Cachemem tells a similar story with a little more granularity than Sandra, showing us read speed, write speed, and memory access latency. All of these systems have very low latency memory subsystems, relatively speaking.

Now we’ll bust out the freaky 3D graphs to get a closer look at the output from Cachemem’s latency tests. To keep things interesting, I’ve colored the different block sizes depending on whether they fit into a processor’s cache. Yellow is L1 cache; light orange is L2 cache; and dark orange is main memory.

You can see how the 800MHz bus benefits the Pentium 4 3.0GHz and 3.2GHz chips versus the P4 3.06GHz on a 533MHz bus. Despite its relatively slower front-side bus clock speed, the Athlon XP is also very quick getting to memory—especially the 3200+ with a 400MHz bus.

Business Winstone

Despite all the P4’s advantages in memory bandwidth and clock speed, the Athlon XP still rules this test. The “Barton” chips with 512K of L2 cache are especially fast here. The P4 3.2GHz just barely edges out the Barton-based Athlon XP 2500+. Content Creation Winstone

The results here are complicated by the fact that CCWS2002 performance suffers when Hyper-Threading is enabled. Generally, Hyper-Threading helps performance, and where it doesn’t, it usually doesn’t slow things down. However, Hyper-Threading does involve some overhead (managing two logical processors in the OS) and resource sharing (of L2 cache memory, L2 cache bandwidth, registers, and the like). Sometimes, that means lower performance, which is the case here. You can see the drop in the blue line from the P4 2.8GHz (without HT) to the P4 3.06GHz (with HT). I expect that with Hyper-Threading disabled, the P4 3.2GHz would be beating out the Athlon XP 3200+, but we prefer to test the way we’d want to use the processor, and we’d definitely want to use HT-ready P4s with Hyper-Threading enabled.

Incidentally, we mentioned last time out that we were considering whether to include results for the new 2003 version of Content Creation Winstone, which doesn’t suffer from the same Hyper-Threading performance problems. After mulling it over a while, we decided to start using this test, possibly in conjunction with the 2002 edition for a while. However, time constraints prevented us from including Multimedia Content Creation Winstone 2003 among our results this time around. We’ll try to include it next time out.

LAME MP3 encoding
We used LAME 3.92 to encode a 101MB 16-bit, 44KHz audio file into a very high-quality MP3. The exact command-line options we used were:

lame –alt-preset extreme file.wav file.mp3

Unfortunately, LAME isn’t multithreaded, so Hyper-Threading probably won’t help.

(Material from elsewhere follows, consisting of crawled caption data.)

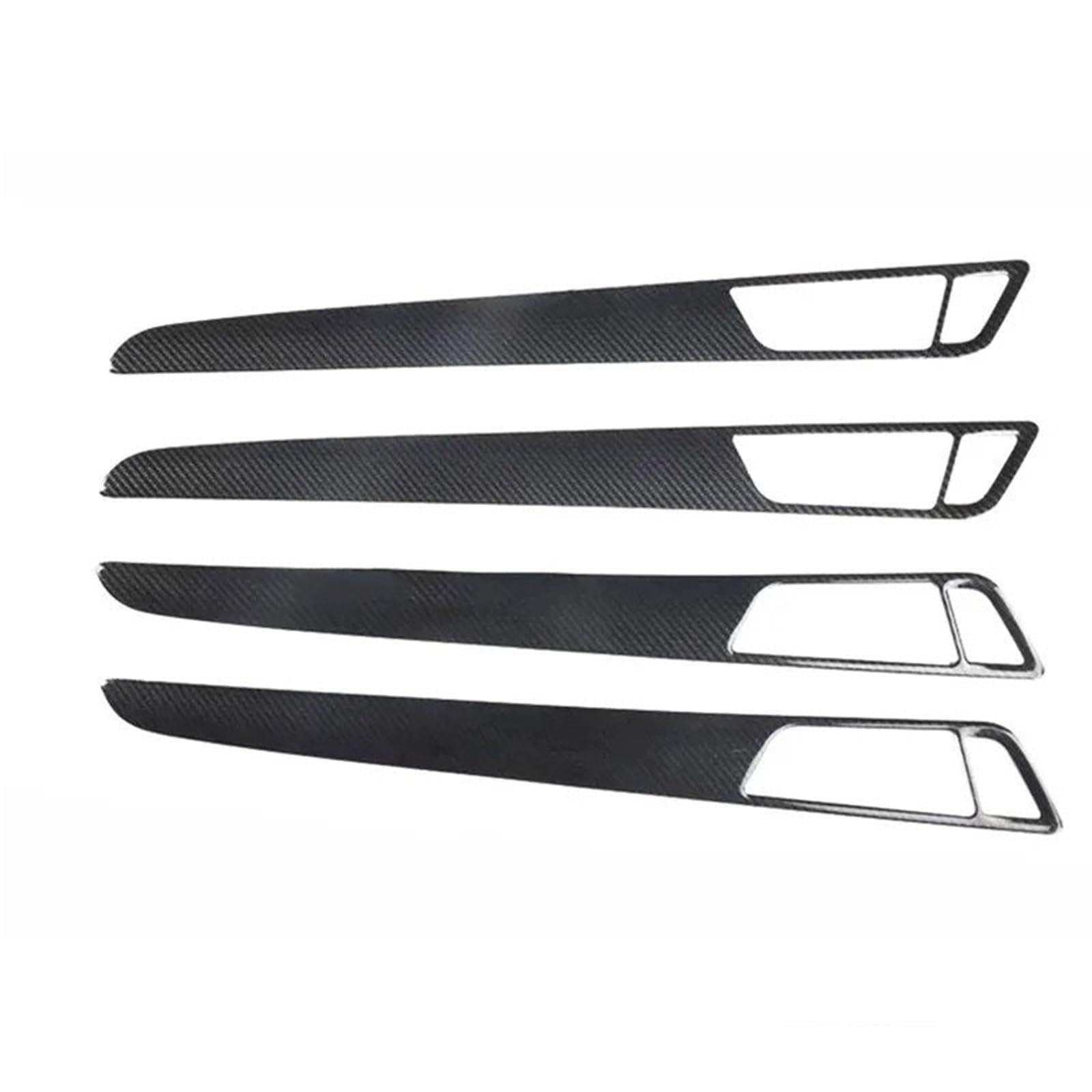 Interior Trim for Q5 8R 2010-18 for SQ5 8R 13-17 Accessories Carbon Fiber Style Interior Decoration Center Console Door Interior Sticker ABS Auto Central Inner(C LHD)
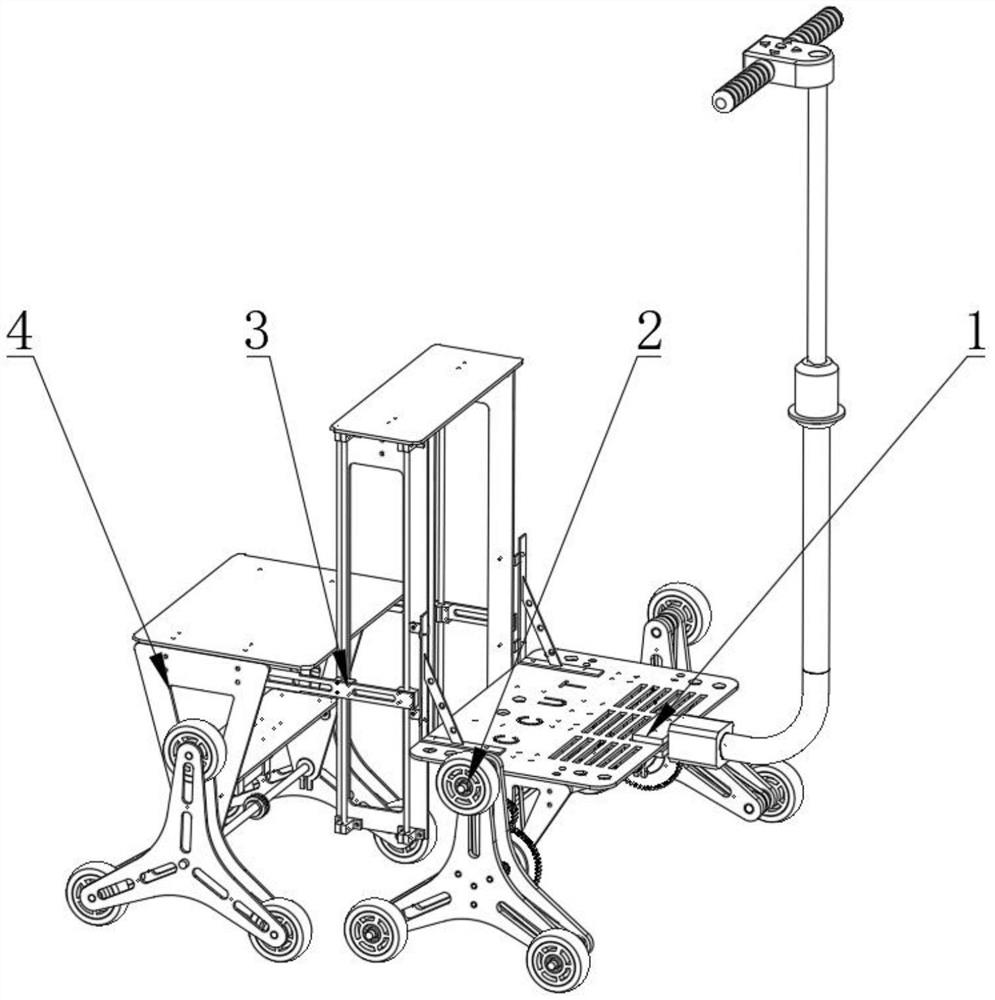 一種三角輪系爬樓車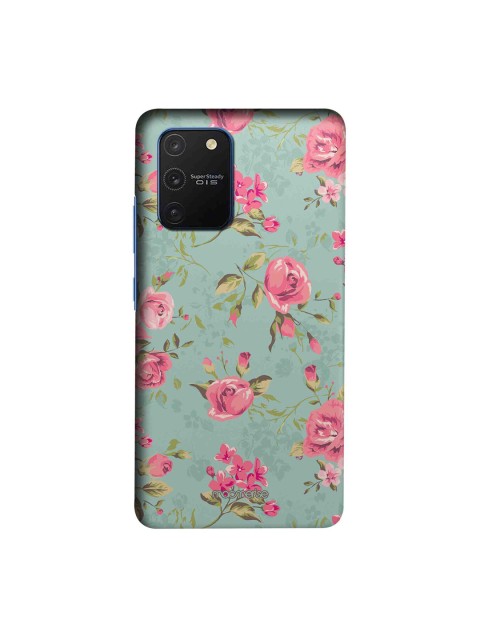 

macmerise Green & Pink macmerise Green & Pink Flowers Samsung Galaxy S10 Lite Back Case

The Pentium 4’s traditional strength in media encoding tasks continues here. You can see how clock speeds matter more than anything else on the Pentium 4 chips. The Athlon XP, which has only received modest clock speed boosts in the past nine months, doesn’t grow much faster as model numbers ramp up. DivX video encoding

Video encoding tasks are especially well accelerated by the Pentium 4. The DivX encoder loves the P4’s SSE2 instructions, and Hyper-Threading is a big gain here, too. Of course, memory bandwidth plays a big role, as well. As a result, the Athlon XP 3200+ needs 66 seconds more in order to encode the same video clip as the Pentium 4 3.2GHz. Speech recognition
Sphinx is a high-quality speech recognition routine that needs the latest computer hardware to run at speeds close to real-time processing. We use two different versions, built with two different compilers, in an attempt to ensure we’re getting the best possible performance.

There are two goals with Sphinx. The first is to run it faster than real time, so real-time speech recognition is possible. The second, more ambitious goal is to run it at about 0.8 times real time, where additional CPU overhead is available for other sorts of processing, enabling Sphinx-driven real-time applications.

Obviously, the new Pentium 4 chips are all very well suited for Sphinx speech recognition. The Athlon XP 3200+ can’t even touch the Pentium 4 “C” 2.4GHz.

Cinebench 2003 lighting and rendering
Cinebench is based on Maxon’s Cinema 4D modeling, rendering, and animation app. This new revision of Cinebench measures performance in a number of ways, including 3D rendering, software shading, and OpenGL shading with and without hardware acceleration.

Cinebench 2003 is multithreaded, so it takes advantage of Hyper-Threading. For the P4 ‘C’, 3.2GHz, 3.06GHz, and 3.0GHz systems, I’ve reported the multithreaded rendering test result, which was always better than the single-threaded result. For the Athlon XP and the older P4 chips, I’ve reported the single-CPU result.

The Pentium 4 3.2GHz takes the top spot once more. With Hyper-Threading and higher clock speeds, the Intel chips are opening up a widening lead over the AMD chips in this test.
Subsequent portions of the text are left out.